━━ DATA FOR THIS EXERCISE ━━

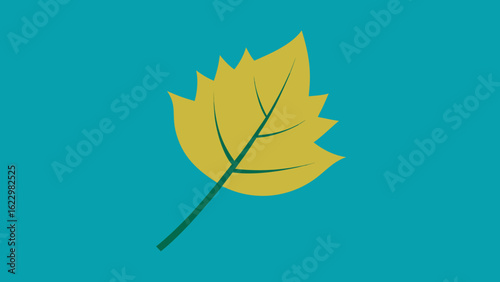 Single Yellow Sycamore Leaf Teal Background Flat Art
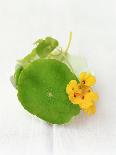 Nasturtium with Yellow Flower-Oliver Schwarzwald-Framed Stretched Canvas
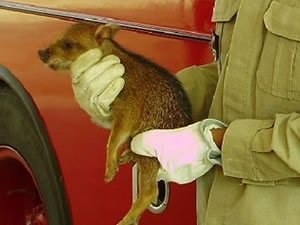 Filhote de porco-do-mato que fugia de queimada buscou refgio em casa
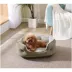 Arlee Home & Pet Cozy Orthopedic Eco-Friendly Durable Pet Bed image thumbnail 1
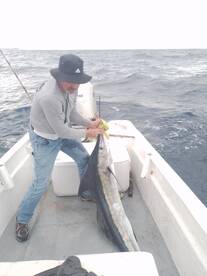San Jose del Cabo Report Photo 1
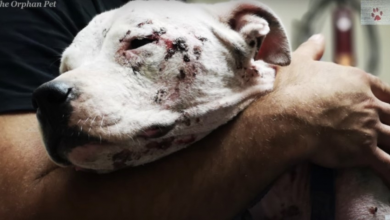 Photo of No One Helped Her Because She’s A Pit Bull So She Roamed The Streets In Agony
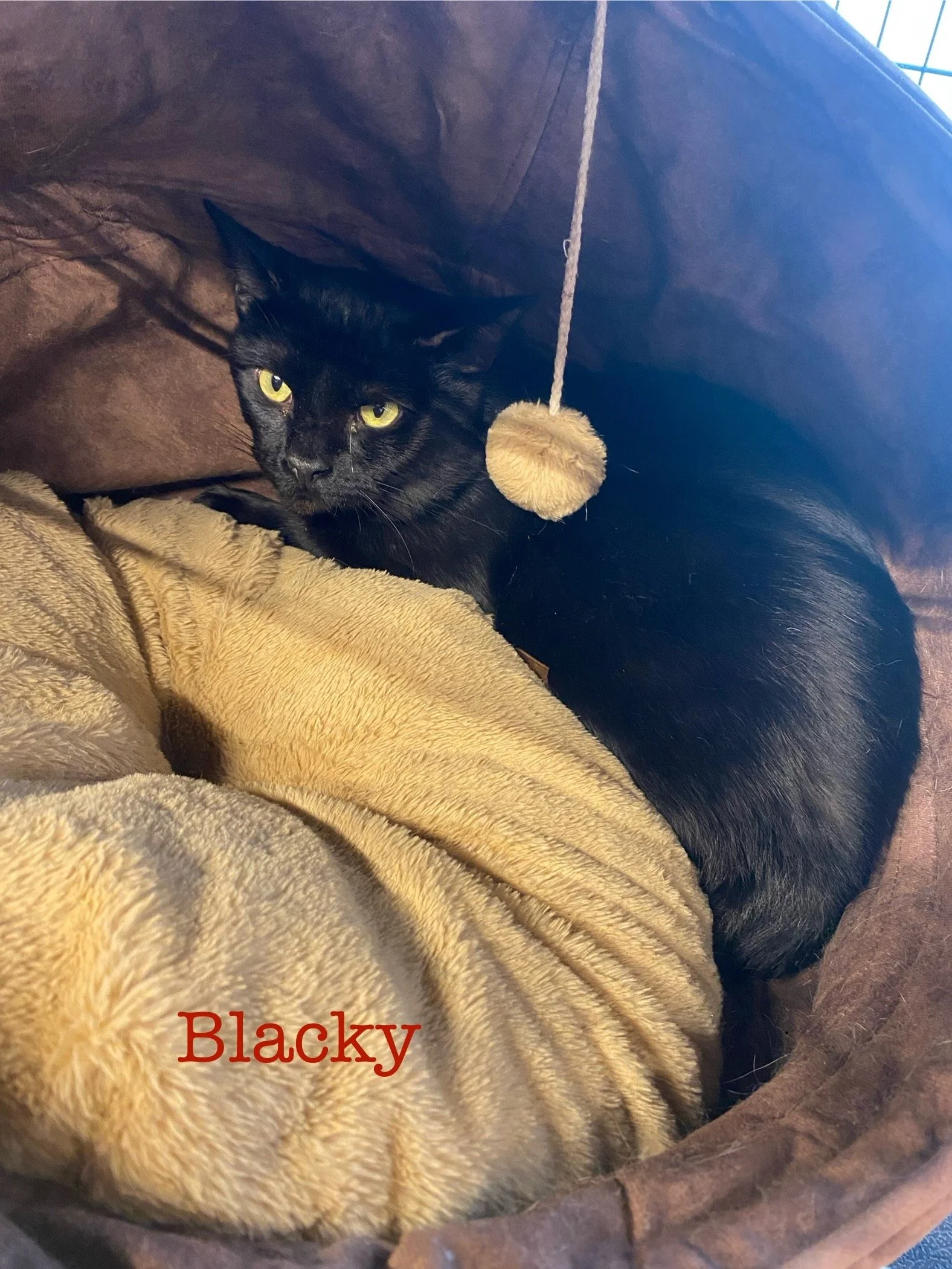 Un chat noir avec des yeux jaunes, nommé Blacky, se trouve dans une cachette en forme de tipi, entouré de couvertures et un petit jouet en forme de pompon suspendu.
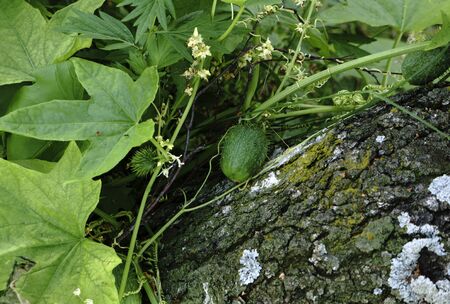 Fruits of squirting cucumber plants (Ecballium elaterium) on a background of green leaves.の写真素材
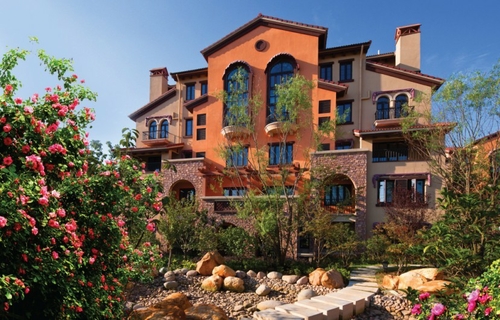 东方维罗纳DIY插花免费送 美丽永不迟到-房产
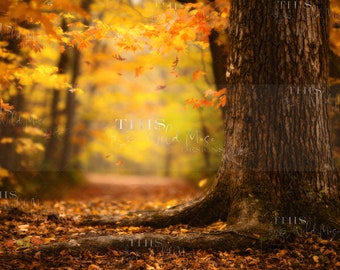 May include: A large tree trunk with brown bark in a forest setting. The ground is covered in fallen autumn leaves in shades of yellow, orange, and brown. The background is blurred and shows a path through the forest.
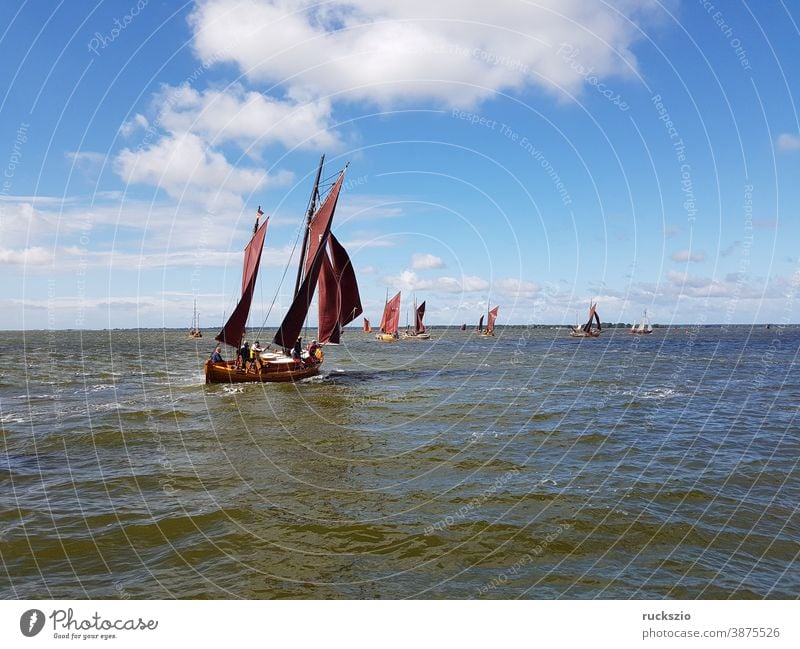 Zeesboot Regatta on the Bodstedter Bodden.  Bodstedter Bodden is a part of the Darß-Zingster Bodden chain as well as the National Park Vorpommersche Boddenlandschaft.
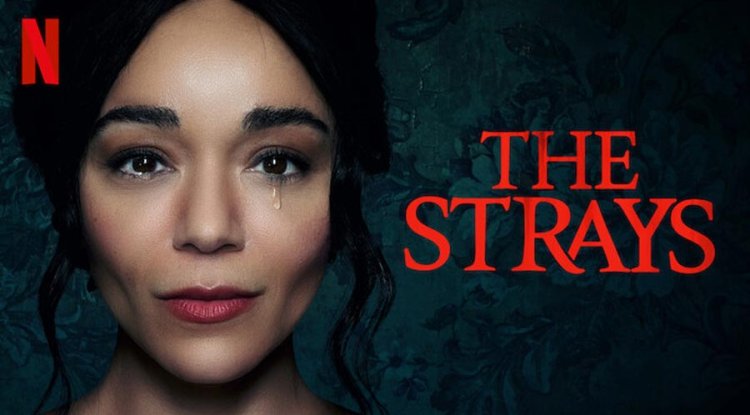 The Strays (2023): A Gripping Tale of Survival and Redemption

━━━

Nothing but the lines from the one containing "Fruits of squirting" through the one containing "May include: A" should appear, copied exactly from the material above and without pictures.

 Fruits of squirting cucumber plants (Ecballium elaterium) on a background of green leaves.の写真素材
 东方维罗纳DIY插花免费送 美丽永不迟到-房产
 May include: A large tree trunk with brown bark in a forest setting. The ground is covered in fallen autumn leaves in shades of yellow, orange, and brown. The background is blurred and shows a path through the forest.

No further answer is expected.